Bell v. Kroger Co.

2025 Ohio 2495
CourtOhio Court of Appeals
DecidedJuly 15, 2025
Docket24AP-713
StatusPublished

This text of 2025 Ohio 2495 (Bell v. Kroger Co.) is published on Counsel Stack Legal Research, covering Ohio Court of Appeals primary law. Counsel Stack provides free access to over 12 million legal documents including statutes, case law, regulations, and constitutions.

Bluebook
Bell v. Kroger Co., 2025 Ohio 2495 (Ohio Ct. App. 2025).

Opinion

[Cite as Bell v. Kroger Co., 2025-Ohio-2495.]

IN THE COURT OF APPEALS OF OHIO

TENTH APPELLATE DISTRICT

John Bell, :

Plaintiff-Appellant, : No. 24AP-713 v. : (C.P.C. No. 23CV-4219)

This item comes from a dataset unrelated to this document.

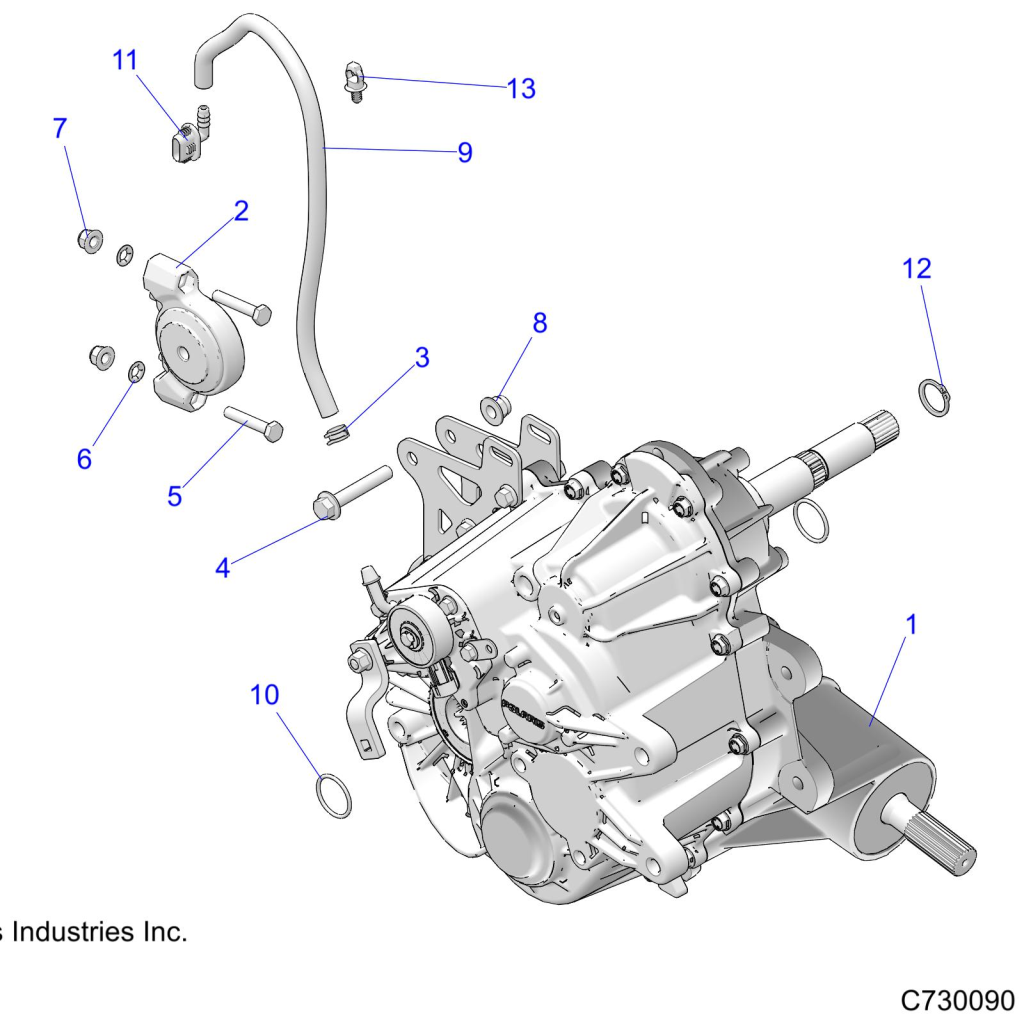 TRANSMISSION MONTAGE BOITE PRINCIPALE POUR R22MAK57B4 RANGER 570 RIDE COMMAND 2022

The Kroger Company et al., : (REGULAR CALENDAR)

Defendants-Appellees. :

D E C I S I O N

Rendered on July 15, 2025

On brief: Beausay & Nichols Law Firm, and Jacob J. Beausay, for appellant. Argued: Jacob J. Beausay.

On brief: Marshall Dennehey P.C., and Jillian L. Dinehart, for appellees The Kroger Company and Casto Partners, LLC. Argued: Jillian L. Dinehart.

On brief: Williams & Finkbine Co., LLC, and Susan S.R. Petro, for appellee Rocky Fork Company. Argued: Susan S.R. Petro.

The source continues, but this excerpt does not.